=== THE RECORDS ===
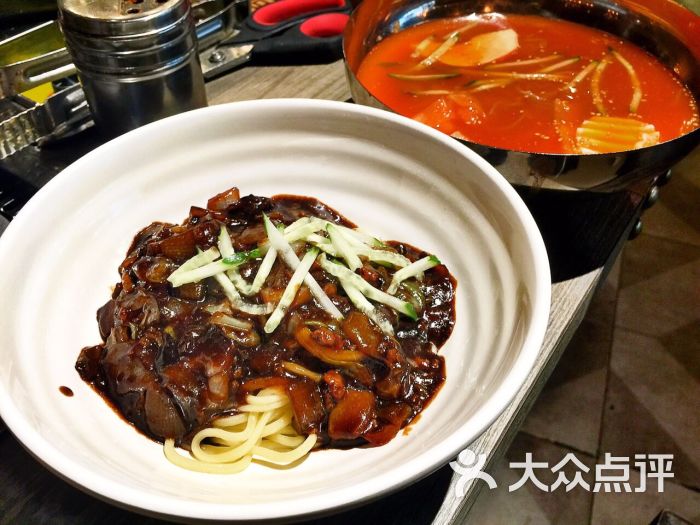 火炉火烤肉芝士排骨(西红门宜家店)炸酱面图片 第1张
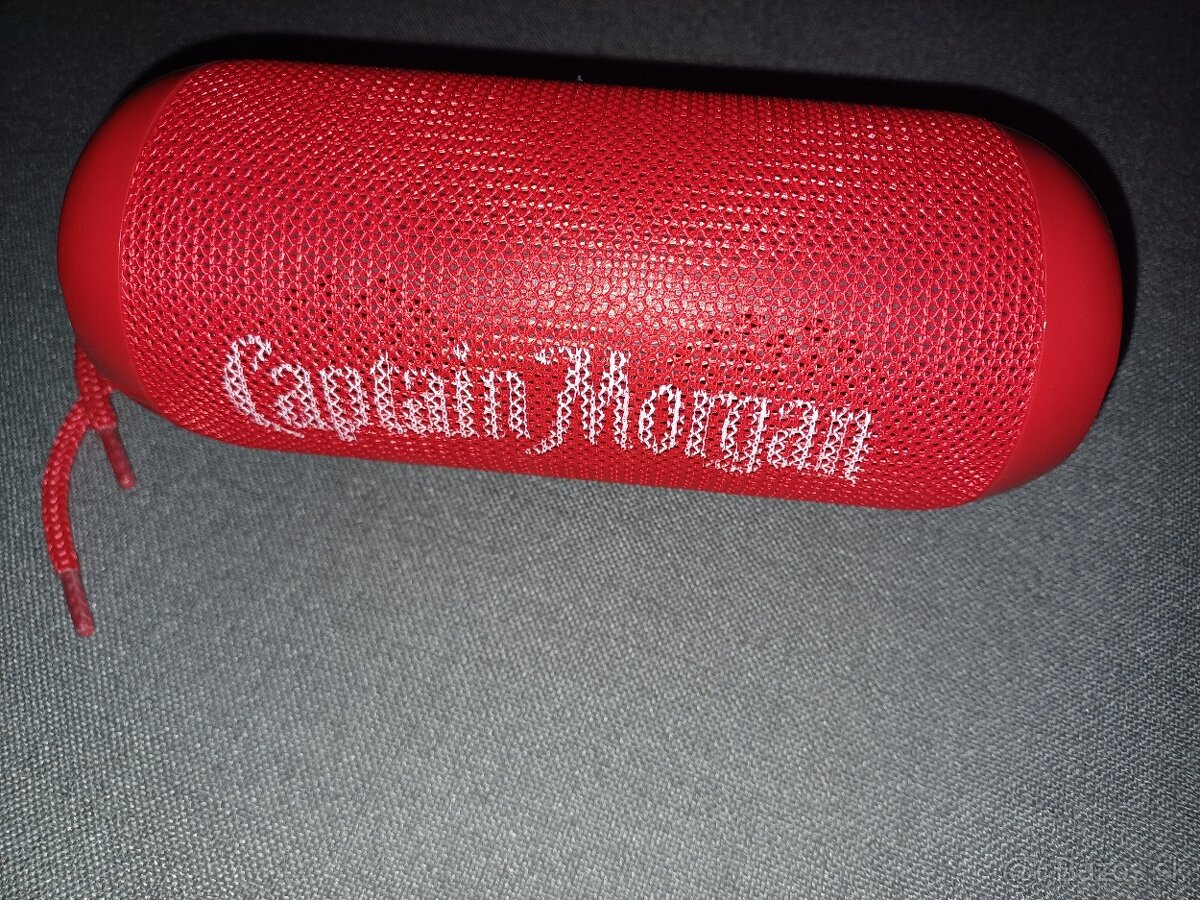 Captain morgan bluetooth reproduktor FM rádio usb vstup na p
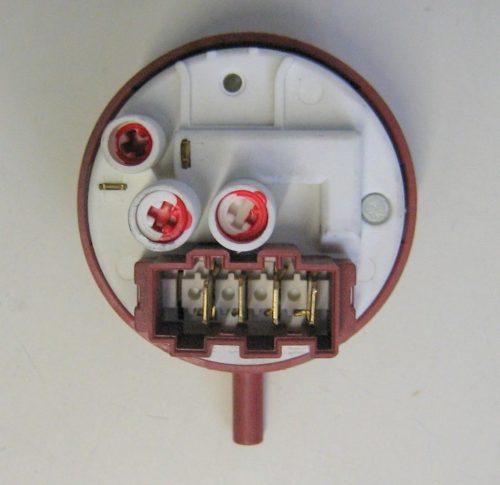 0798 -- 000 (818) PRESSOSTATO COD. 160019762 CODICE ALTERNATIVO: 505GE2 01 PER LAVATRICE INDESIT WITL126, WITL106, WITL86, ARISTON AVTXL109, AVTL104, HOTPOINT ARTXF129, AVTL89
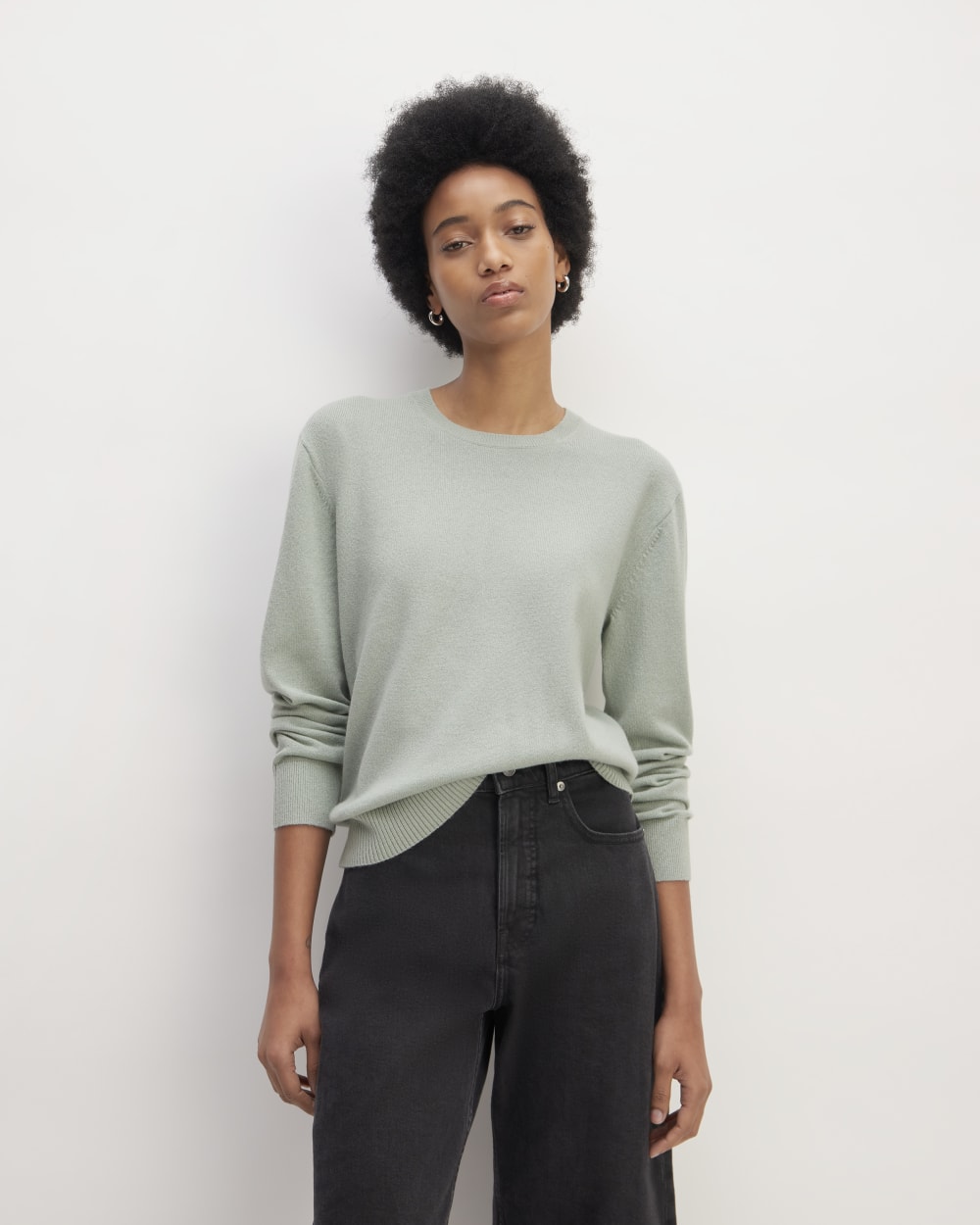womens-cashmere-classic-crew-sweater-light-sage-green | primary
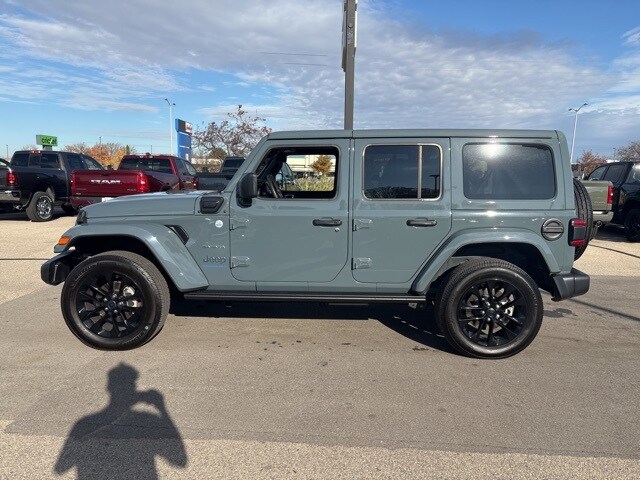 2024 Jeep Wrangler Sahara 4xe photo 4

=== YOUR OBJECTIVE ===
The answer should consist only of the lines from the one with "Captain morgan bluetooth" through the last line of the material above, copied exactly, with no pictures.

=== RESULT FOR THIS TASK ===
 Captain morgan bluetooth reproduktor FM rádio usb vstup na p
 0798 -- 000 (818) PRESSOSTATO COD. 160019762 CODICE ALTERNATIVO: 505GE2 01 PER LAVATRICE INDESIT WITL126, WITL106, WITL86, ARISTON AVTXL109, AVTL104, HOTPOINT ARTXF129, AVTL89
womens-cashmere-classic-crew-sweater-light-sage-green | primary
 2024 Jeep Wrangler Sahara 4xe photo 4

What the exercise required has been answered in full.